1972 roller coaster disaster

The Battersea Park funfair disaster happened in Battersea Park, London, on 30 May 1972; five children died and thirteen were injured when a wooden roller coaster train came off its tracks. A report after the crash found 51 faults on the ride. The ride manager and engineer were subsequently tried for and acquitted of manslaughter.

==Accident==
The accident occurred on the afternoon of Tuesday 30 May 1972 on the John Collins Big Dipper roller coaster at the funfair in Battersea Park, London, which opened in 1951 as part of the Festival of Britain. A train being hoisted to the start of the ride broke loose from its haulage rope. The emergency rollback brake failed, causing the carriages to roll backwards towards the station. Despite the efforts of the brakeman, the train gathered speed and the back carriage jumped the rails and crashed through a barrier with the other two carriages crashing on top of it. Five children were killed and thirteen others injured; one child, whose sister died, had life-changing injuries.

The Independent newspaper published a story in 2015 recalling the accident, prompted by an accident at Alton Towers in which 16 people were injured, four seriously. Regarding the 1972 accident, Carolyn Adamczyk, a passenger on the ride during the accident, said: "As soon as we started shooting backwards everything went into slow motion... I turned around and saw the brake man desperately trying to put the brake on but it wasn’t working. Most of the carriages didn’t go around the bend, one detached and went off the side through a wooden hoarding. People were groaning and hanging over the edge. It was awful."

==Criminal trial==

Three men were charged with manslaughter and a committal hearing was started at Wandsworth Magistrates' Court on 26 February 1973. The court heard that, after a fire had damaged the ride in 1970, second-hand stock, more than fifty years old, had been bought to replace it. The dog brake on this train had not operated when the rope broke, allowing it to run backwards.
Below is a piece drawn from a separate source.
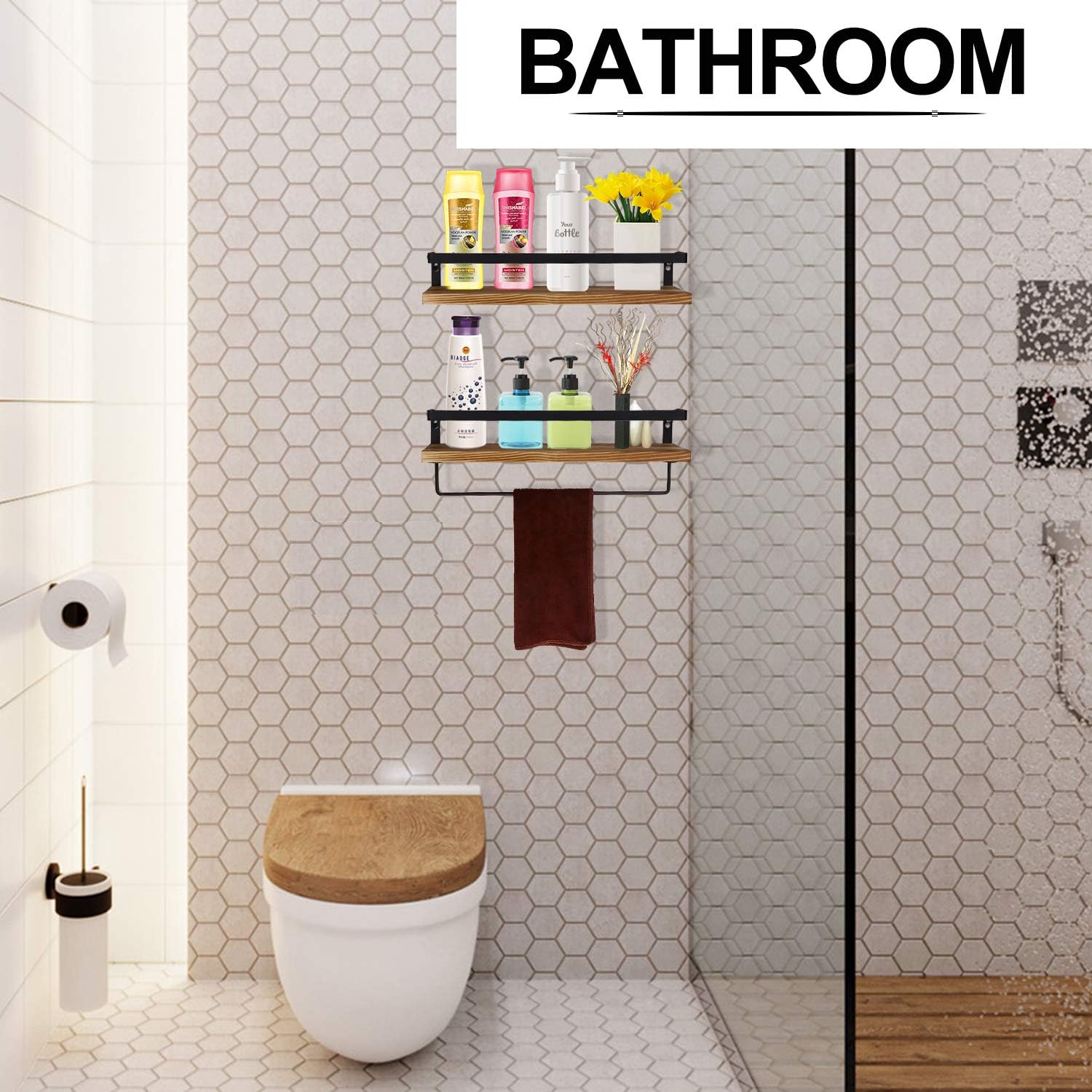 Hasitpro Bathroom Floating Shelves Rustic Wood Wall Mounted Storage Shelves for Kitchen Living Room,Sets of 2,Brown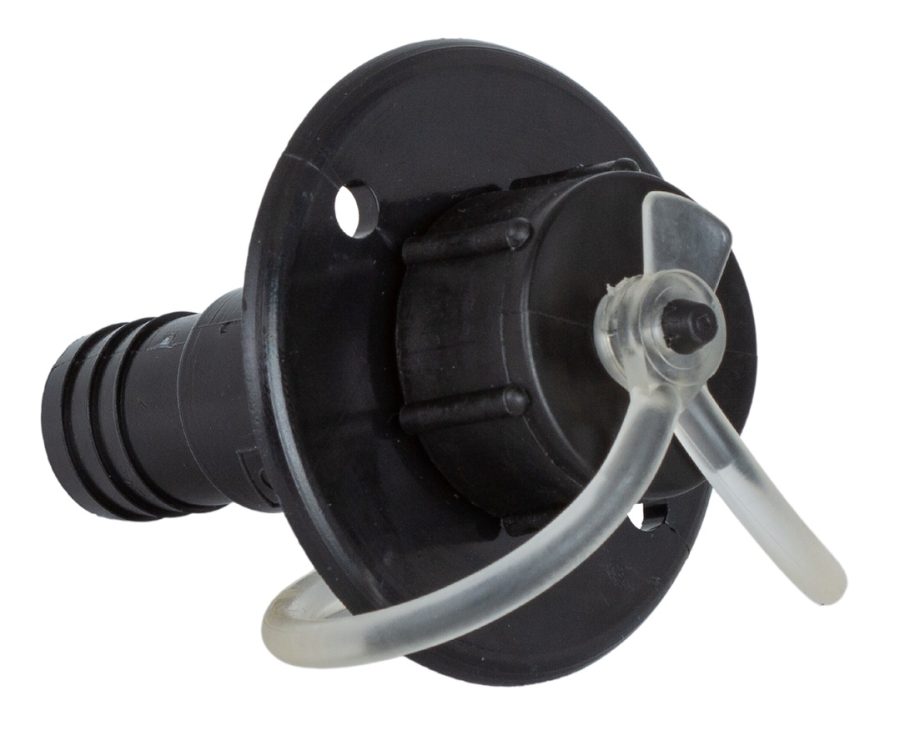 JR PRODUCTS 95385 EXTERIOR EVACUATION DRAIN PORT BLA, Use To Drain Sink/ Shower Directly To The Exterior Of The Unit; 3/4 Inch Vinyl Or Plastic Tubing; 1-1/2 Inch Outside Diameter; Black; Single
The structure, including the pedestrian emergency walkway, was in a rotted and unsafe condition, so that one victim who survived the initial impact fell through the handrail to her death. A report on the roller coaster after the crash revealed 51 faults on the ride.

The manager of the ride and its inspecting engineer were committed for trial. A lengthy hearing at the Old Bailey included testimony that the Big Dipper had had mechanical problems during the weeks preceding the disaster, including another instance of a train running backwards and not being stopped by the brake, that managers were often drunk and teenaged staff used drugs, and that the brakeman on the accident run had been told to leave and had never been questioned by the police. On 20 November 1973 both the accused were acquitted. They were defended by George Carman and Lewis Hawser QC, respectively.

==Civil trial==
In 1975 Arun Thakur, a crash victim, sued the son of the owner in the High Court and was awarded £5,500 in damages.

==Funfair closure and memorial==
The Big Dipper was replaced with a modern steel roller coaster known as The Cyclone, but the funfair's popularity remained low. The accident along with development problems led to the fair's closure on 22 September 1974.

The site of the disaster is no longer accessible to the public. After a campaign by survivors for a memorial at the park, a cherry tree was planted there by the Mayor of Wandsworth on 30 May 2022, the 50th anniversary. An accompanying plaque commemorates the five children who died.